- DATA LISTING
§
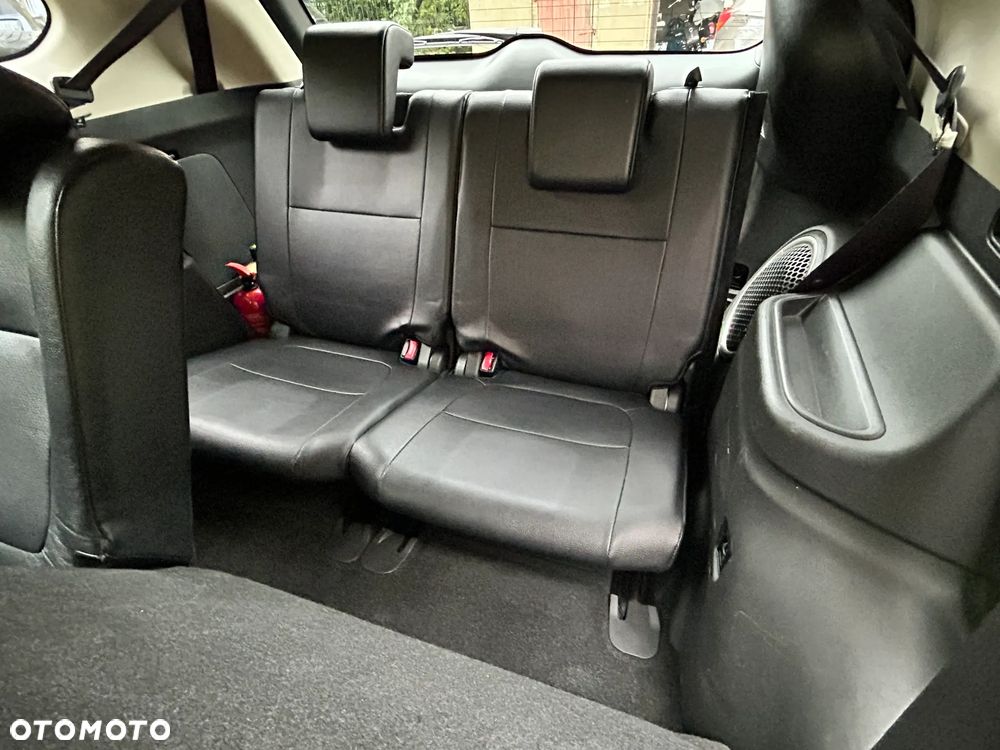 Mitsubishi Outlander 2.0 4WD CVT Diamant+ - 15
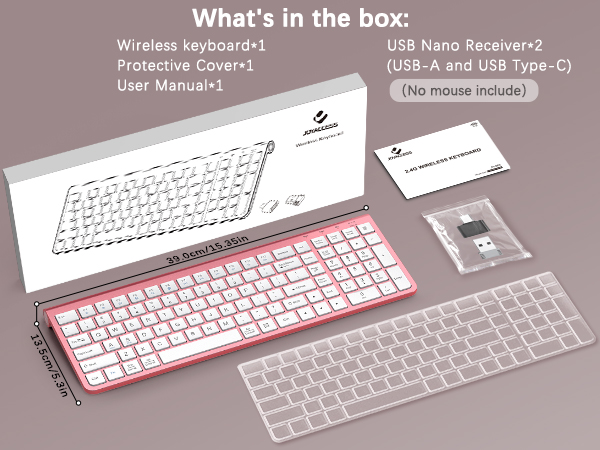 cute keyboard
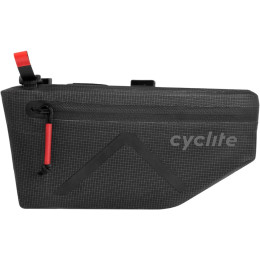 Brašna na řídítka Cyclite Handle Bar Bag Nano / 01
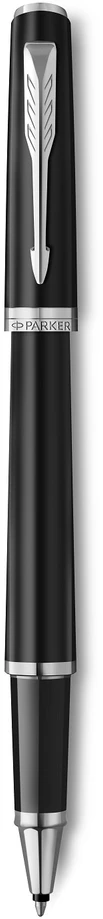 Parker Meridian tušinukas su dangteliu, matinė juoda spalva, CT – 2231406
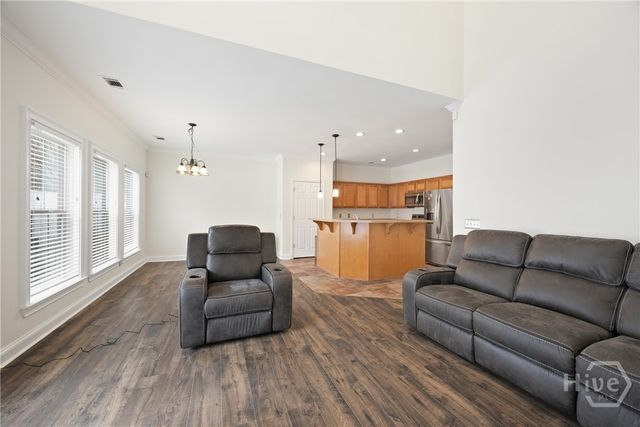 607 Kendal Court, Savannah, GA 31419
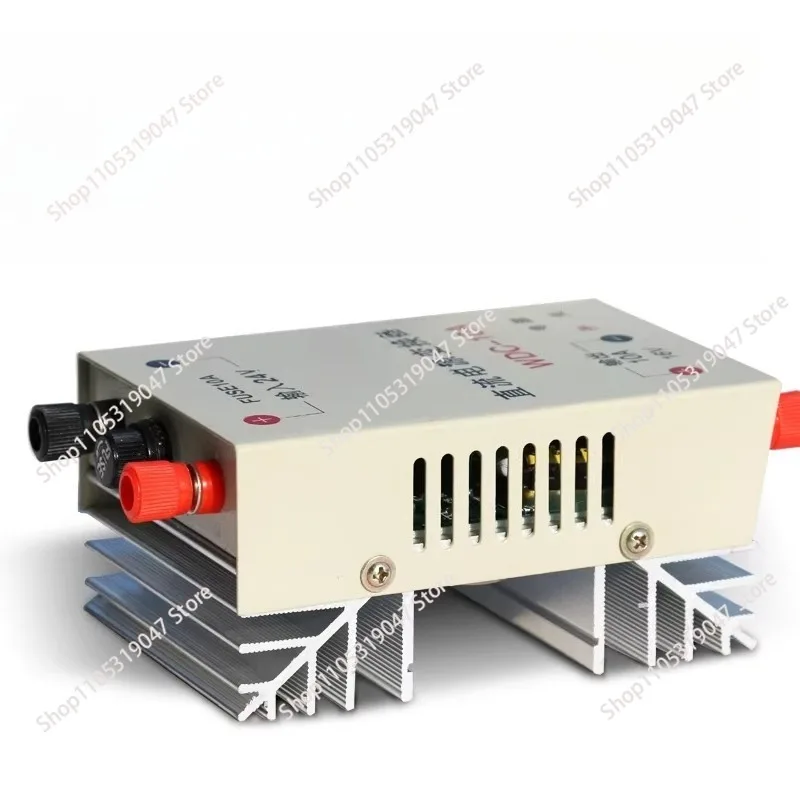 Marine DC power supply navigation collision avoidance walkie-talkie voltage regulator converter 10A24v to 13.8v/24v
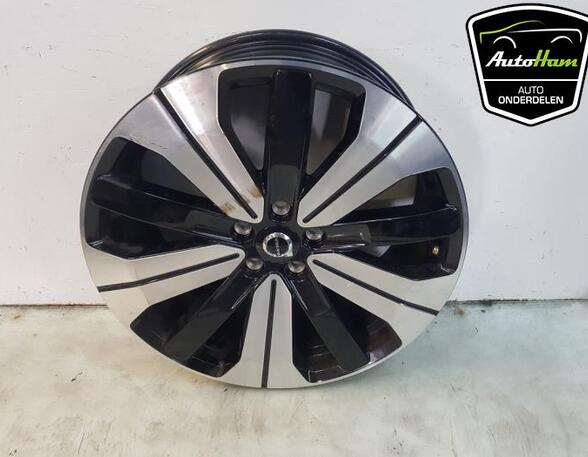 Steel Rim VOLVO XC60 II (246)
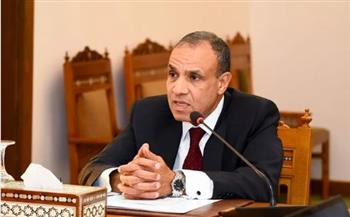   وزير الخارجية يؤكد لنظيره الإماراتى تضامن مصر الكامل مع الإمارات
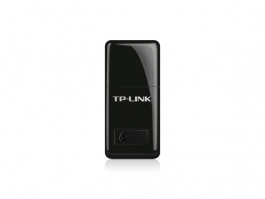 Tp-link Wn823n 300mbps Wireless N Mini Usb Adapter Tl-wn823n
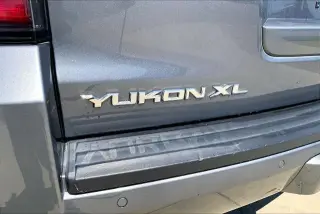 GMC Yukon XL 2019 4x2 SLT 4dr SUV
§
- ACTIVITY
Return nothing except the lines from the one containing "Brašna na řídítka" through the final line of the data, copied exactly. Leave out all pictures.

- ANSWER BOX
 Brašna na řídítka Cyclite Handle Bar Bag Nano / 01
 Parker Meridian tušinukas su dangteliu, matinė juoda spalva, CT – 2231406
 607 Kendal Court, Savannah, GA 31419
 Marine DC power supply navigation collision avoidance walkie-talkie voltage regulator converter 10A24v to 13.8v/24v
 Steel Rim VOLVO XC60 II (246)
   وزير الخارجية يؤكد لنظيره الإماراتى تضامن مصر الكامل مع الإمارات
 Tp-link Wn823n 300mbps Wireless N Mini Usb Adapter Tl-wn823n
 GMC Yukon XL 2019 4x2 SLT 4dr SUV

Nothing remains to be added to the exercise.